La riproposta del suo Falstaff l’ha confermato: per quanto costellata da pagine di qualità – talvolta pittoresche come quella in tedesco con cui Mrs. Ford si presenta nelle vesti di mezzana al tronfio seduttore (antesignana della futura Quickly verdiana), talvolta dal respiro tipico delle grandi arie da opera seria con strumento obbligato (come quelle di Mr. Ford, personaggio di maggior rilievo nel contesto generale) – l’opera fatica a reggere a livello drammaturgico, dove lo svolgimento delle tre burle ispirato alle Allegre comari scespiriane risulta frammentario, come la definizione dei personaggi spesso sfuggente. Di certo l’inevitabile confronto a posteriori con il Falstaff verdiano, per quanto incongruo, la penalizza pesantemente (ma perché questo non succede tra l’Otello di Rossini e quello di Verdi, capolavori assoluti nel loro genere?…) ma anche il più diretto paragone con il Don Giovanni mozartiano di dodici anni prima – in cui il rapporto del protagonista con Leporello troppo scopertamente viene qui evocato da quello Falstaff-Bardolf – fa impietosamente emergere quanto il Salisburghese guardasse avanti mentre l’Italiano, seppure alle soglie del nuovo secolo (1799), fosse tutto proiettato all’indietro.
Detto questo, l’edizione veronese si è rivelata quanto mai meritevole, anche perché sorretta da un’esecuzione ottimamente riuscita, diretta con levità, brio e teatralità da Francesco Ommassini a capo dell’orchestra e del coro areniani, quest’ultimo preparato da Roberto Gabbiani.
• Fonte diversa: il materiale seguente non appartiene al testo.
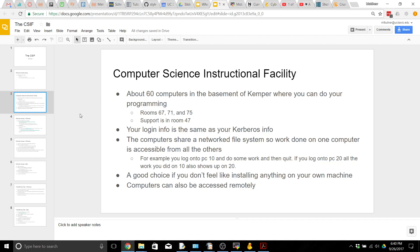So for example if you start and log on to PC 10 and do some of your work there, write a little bit of your program, save that file and then quit, you can log on to any of the other computers and it'll have the exact same information. For example if you go to PC 20 you'll find everything you did on 10 is there, and any work you do on 20 is going to show up on all of the other computers.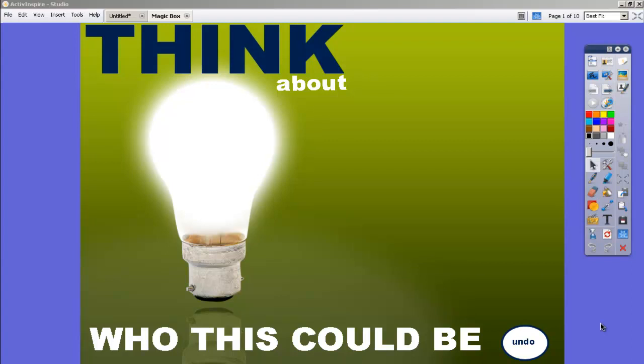Welcome to tutorial one for creating interactive flip charts. This flip chart that I've created here is a spin-off of the Magic Box. If you've seen the Magic Box online or on Promethean Planet, this is the same idea. I just used a different graphic and a different way of doing it.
Felicissimo il cast: Giulio Mastrototaro è stato un Falstaff pressoché perfetto, per la voce ampia e bella, usata con morbidezza e sorretta da una linea espressiva sempre misurata, brillante, accattivante, Gilda Fiume ha prestato a Mrs. Ford la sua vocalità cristallina, vaporosa e musicalissima mentre Marco Ciaponi ha tratteggiato le ansietà in odore di corna di Mr. Ford con un timbro tenorile pastoso e limpido, accollandosi con onore le pagine più impegnative dell’opera. A seguire, Michele Patti ha tratteggiato un Mr. Slender gustosissimo, soprattutto nei giochi vocali tra timbro baritonale e falsetto della sua aria, Laura Verrecchia è stata una vibrante e spigliatissima Mrs. Slender, insieme alla pungente Betty di Eleonora Bellocci e al Bardolf di Romano Dal Zovo.
Lo spettacolo di Paolo Valerio (autore di regia e costumi, insieme a Ezio Antonelli per le scene e le proiezioni e a Claudio Schmid per le luci) si è fatto apprezzare per la cifra brillante e mai caricata, che ha tenuto le fila della narrazione, non sempre garantita dal libretto discontinuo di Carlo Prospero Defranceschi e tuttavia risolta con ritmo, leggerezza e caratterizzazione dei diversi personaggi, ben lavorati sulla recitazione degli interpreti.
Buono il successo di pubblico, forse non numeroso quanto alla prima dello spettacolo ma molto generoso negli applausi per tutti gli esecutori.